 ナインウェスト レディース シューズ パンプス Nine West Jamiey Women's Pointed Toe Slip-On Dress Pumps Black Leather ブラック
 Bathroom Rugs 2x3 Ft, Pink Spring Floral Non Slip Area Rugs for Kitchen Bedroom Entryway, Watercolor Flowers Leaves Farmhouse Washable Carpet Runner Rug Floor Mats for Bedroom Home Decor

...

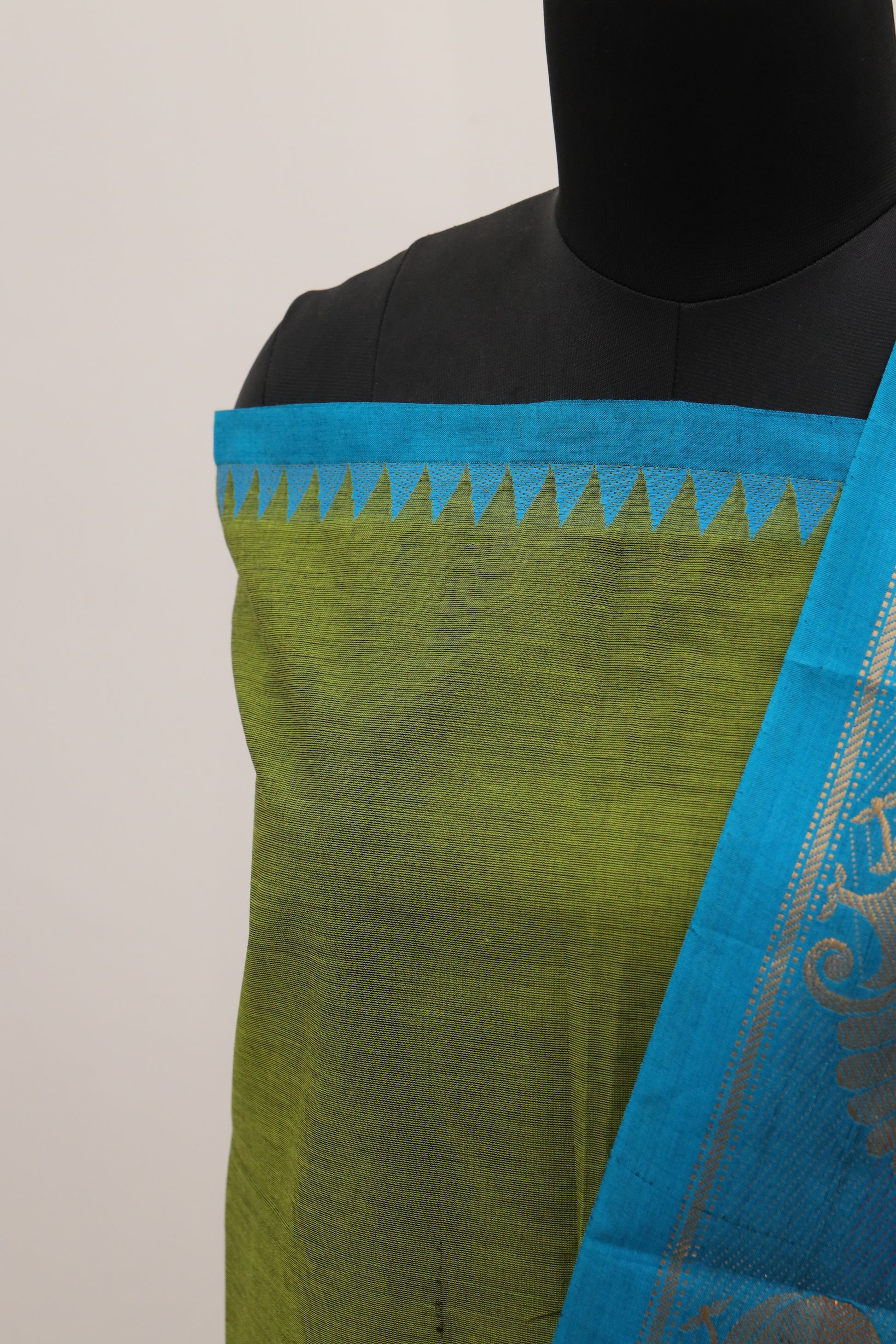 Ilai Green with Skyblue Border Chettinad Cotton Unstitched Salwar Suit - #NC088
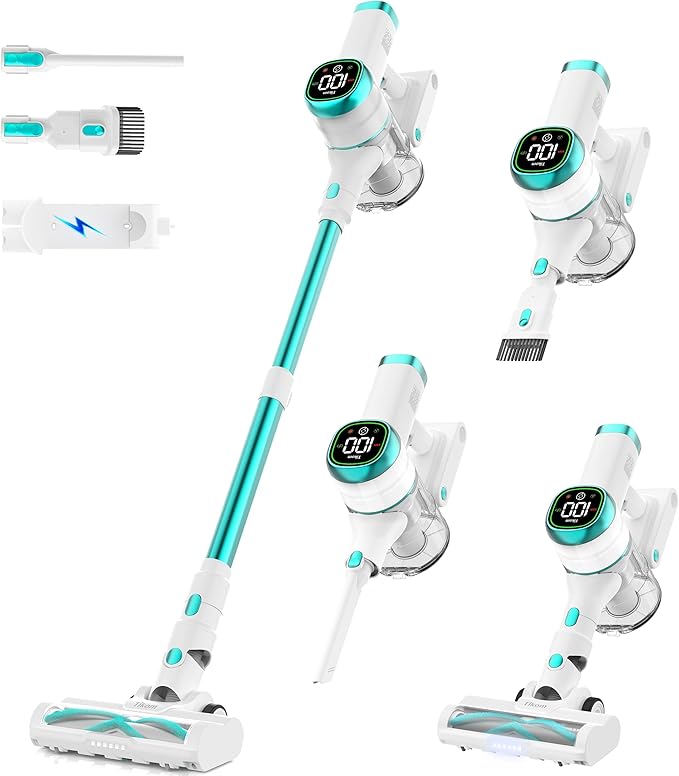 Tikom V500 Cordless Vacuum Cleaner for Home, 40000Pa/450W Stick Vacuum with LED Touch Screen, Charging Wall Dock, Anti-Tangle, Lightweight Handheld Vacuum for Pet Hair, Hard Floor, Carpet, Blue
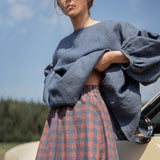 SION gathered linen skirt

Activity.
Would you copy out exactly the lines above that start at the one containing "ナインウェスト レディース シューズ" and end at the one containing "Bathroom Rugs 2x3", inclusive?

Task solution.
 ナインウェスト レディース シューズ パンプス Nine West Jamiey Women's Pointed Toe Slip-On Dress Pumps Black Leather ブラック
 Bathroom Rugs 2x3 Ft, Pink Spring Floral Non Slip Area Rugs for Kitchen Bedroom Entryway, Watercolor Flowers Leaves Farmhouse Washable Carpet Runner Rug Floor Mats for Bedroom Home Decor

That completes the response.